Changes in state tests in recent years have lowered passing rates in schools statewide. With the revised tests, Wake's previously small racial achievement gap has widened; now low-income students and some minority groups are performing below the state average on some exams.
A recent SAS Institute report found that the way Wake analyzes school performance "tend[s] to camouflage schooling inadequacies for disadvantaged populations." It found that the achievement gap between Wake's low-income and non low-income students was greater than observed in other North Carolina districts.
The report was a response to a Wake school district report that questioned the program developed by SAS that is being used in school districts statewide to analyze school performance.
The candidates who oppose the diversity policy say neighborhood schools can improve academic performance by reducing time spent on bus and making it easier for parents to be involved at their child's school.
If the schools wind up with high percentages of minority students, so be it, some candidates and supporters say.

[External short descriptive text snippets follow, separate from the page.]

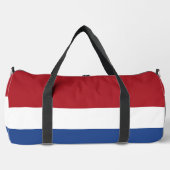 niederländische Flagge Duffle Bag (Vorderseite)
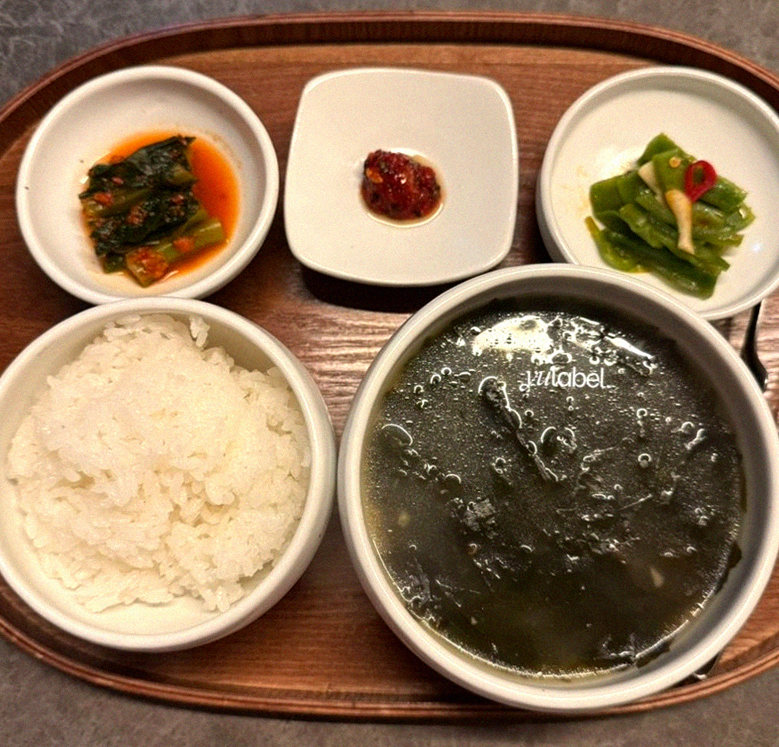 GOWOOGA Yeouido · assorted Korean side dishes (banchan)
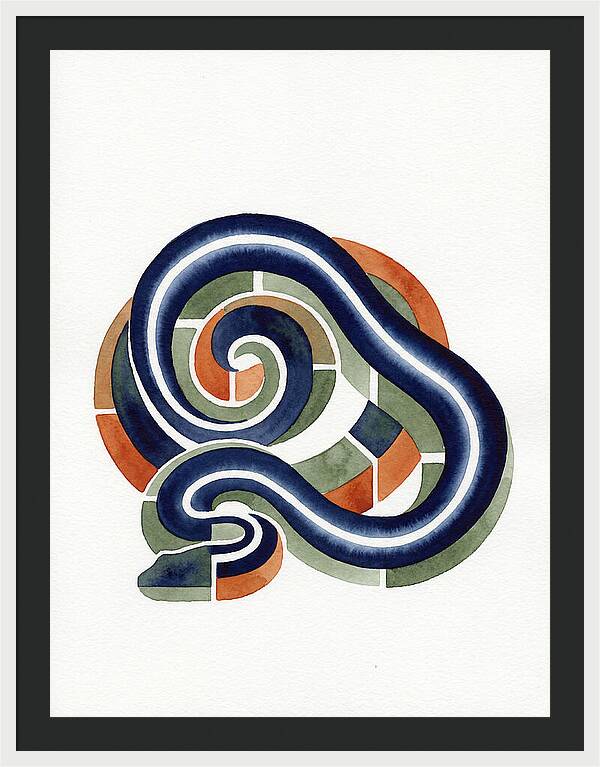 Garter Snake Minimalism
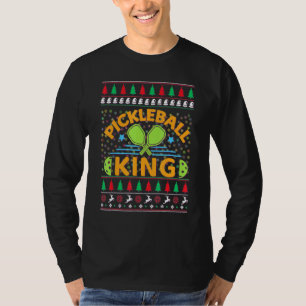 Pickleball Weihnachten Pickle Ball Hässlicher Weih T-Shirt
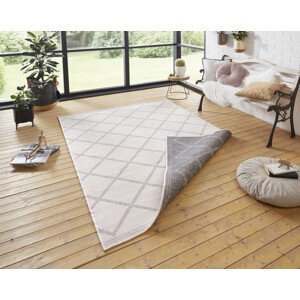 Kusový koberec Twin Supreme 103760 Corsica Grey/Cream – na ven i na doma - 80x250 cm NORTHRUGS - Hanse Home koberce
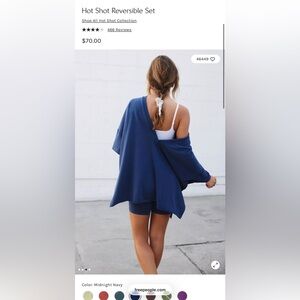 Free People Hot Shot Reversible Set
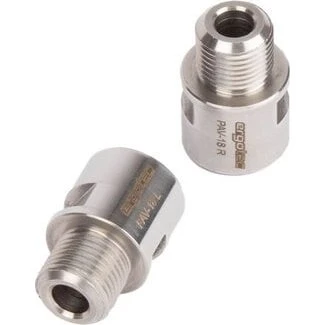 Ergotec Pedaalasverlenger Zilver 2x18 mm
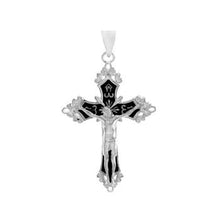 Load image into Gallery viewer, Sterling Silver High Polished Crucifix Pendant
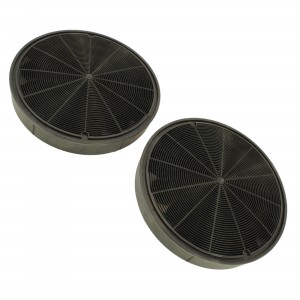 Kit 2pcs filtres charbon hotte F.196 I370GR INDESIT C00050989 50290659007 481281718552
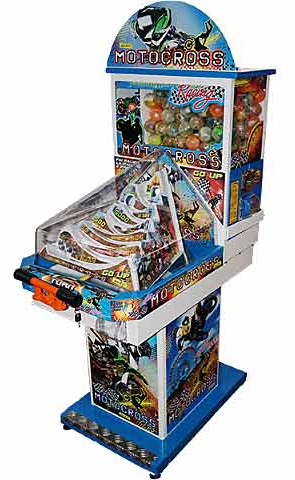 Distributore con gioco Moto Cross - Venus Games Rimini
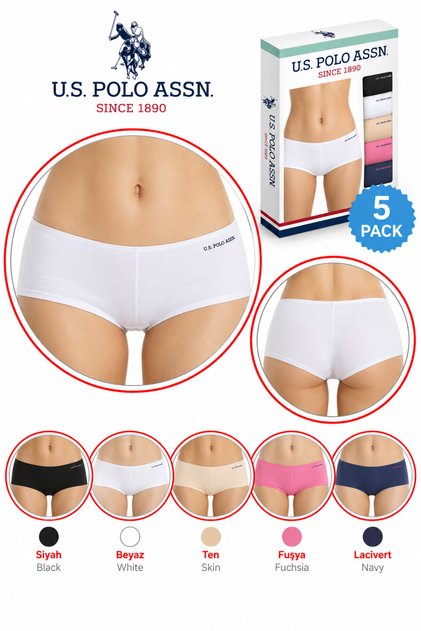 Women'S, Licensed, Colorful, Comfortable, Elastic, 47% Modal 47% Cotton, 5-Pack Shorts Panties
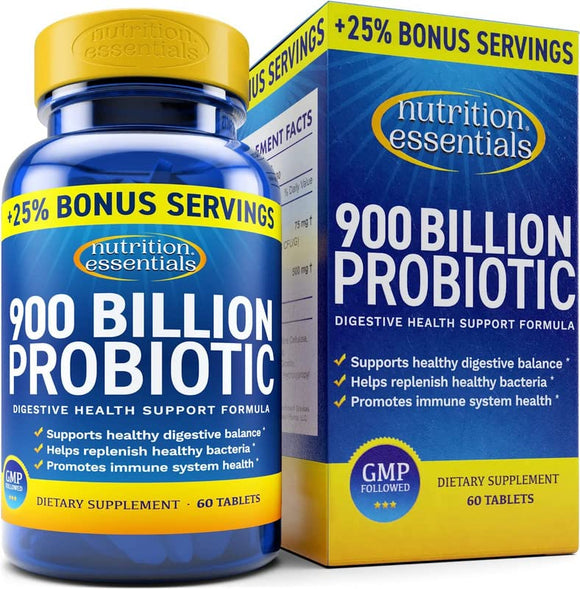 𝗪𝗜𝗡𝗡𝗘𝗥 - 𝗠𝗔𝗫 𝗦𝗧𝗥𝗘𝗡𝗚𝗧𝗛 Probiotics for Women & Men - Probiotics Digestive Health - 62% More Stable Probiotic for Gut Health Support - USA Made Vegan Probiotics Formula Prebiotic Blend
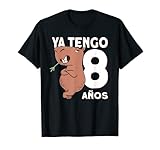 Regalo capibara para niños 8 cumpleaños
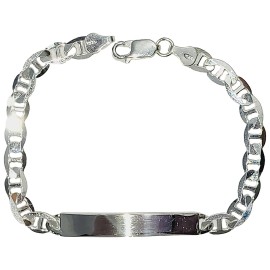 PULSEIRA CHAPA ELO TRAVADO EM PRATA 925 - ID 6818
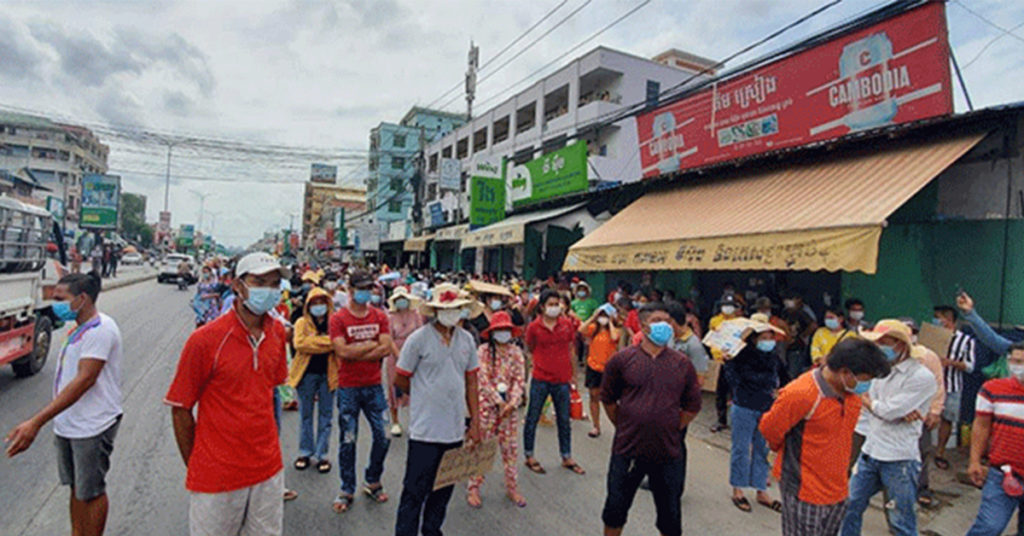 ប្រជាពលរដ្ឋរស់នៅបន្ទប់ជួលជិត១០០បន្ទប់ នាតំបន់បិទខ្ទប់ក្នុងសង្កាត់ចោមចៅទី១ ស្នើម្ចាស់ផ្ទះពិនិត្យលទ្ធភាពបញ្ចុះថ្លៃ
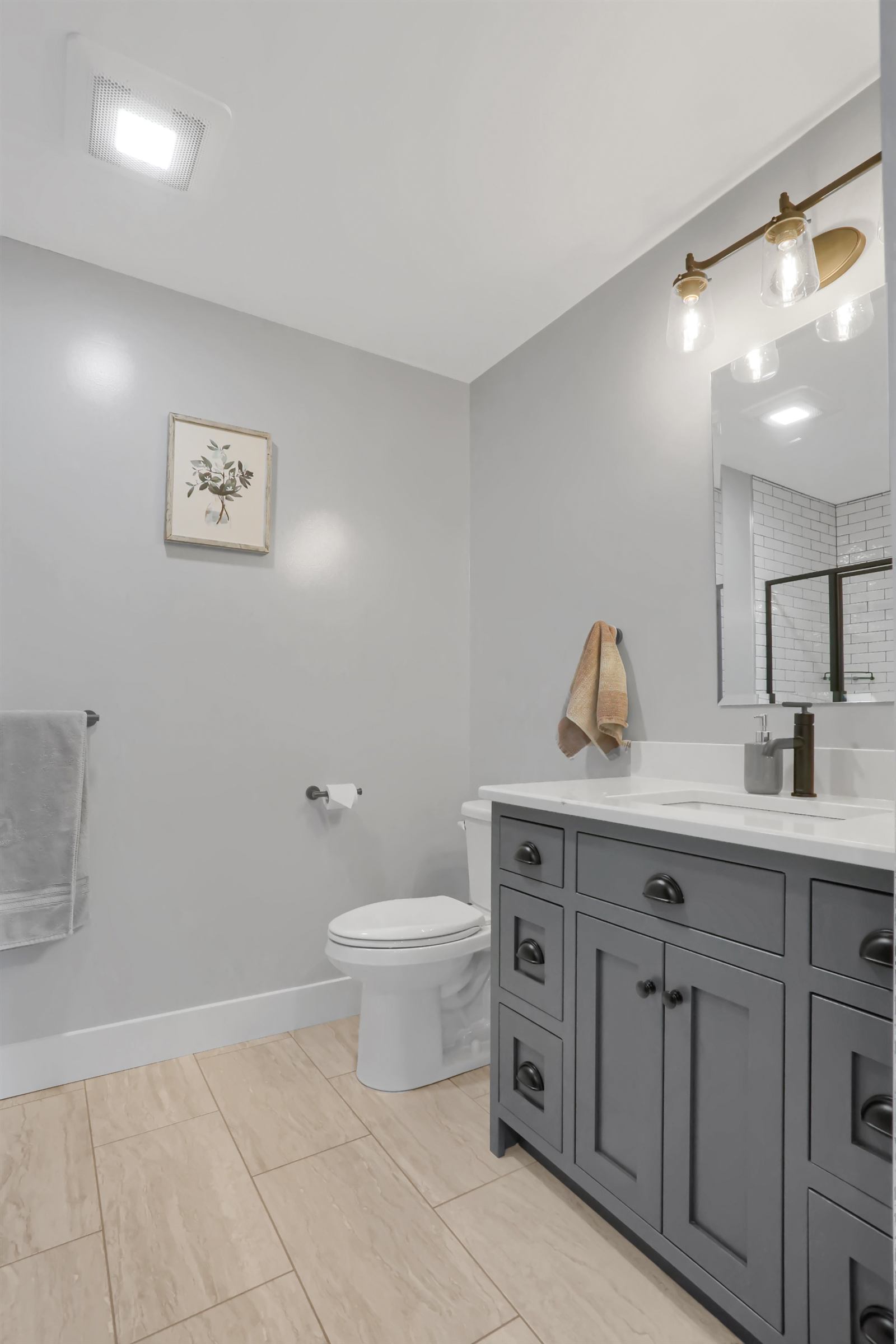Hallway bathroom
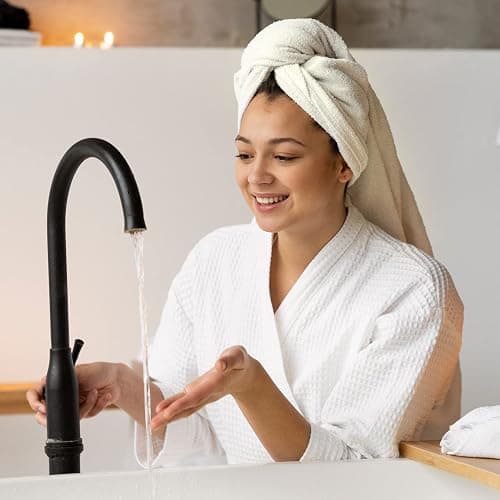 ECO Towels 6-Pack Bath Towels - Extra-Absorbent - 100% Cotton - 27in x 54in - Towels for Bathroom - Extra Large Shower Towels thumbnail 5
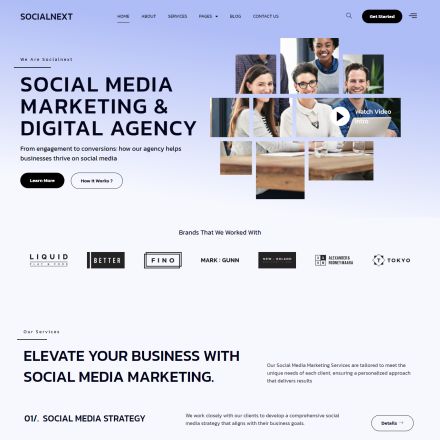 ThemeForest Socialnext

But they say high-poverty schools should receive extra resources and parents in those schools' neighborhood should get extra options, including magnet and charter schools.
"If the parents choose to stay [in neighborhood schools], you can't fault the parents for deciding that," said Claude E. Pope Jr., Wake County Republican chairman.
Supporters of the diversity policy acknowledge that Wake needs to do more to help low-income and minority students. But they say that neighborhood schools would force property taxes higher, to pay for additional schools, and would not lead to better academic performance.
"Theirs is a false choice," said Jennifer Lanane, president of the Wake County chapter of the N.C. Association of Educators, which has 5,000 Wake school employees as members. "Their side won't help the dropout rate."
Nationally, Wake's election is being viewed as a test of the support for school-diversity policies. With 140,000 students, Wake is the largest district in the nation that buses for socioeconomic diversity.
"If Wake County's plan went down, it would give an excuse to timid school board officials across the country not to do the right thing," said Richard Kahlenberg, a senior fellow with the Century Foundation, a think tank that supports socioeconomic diversity policies.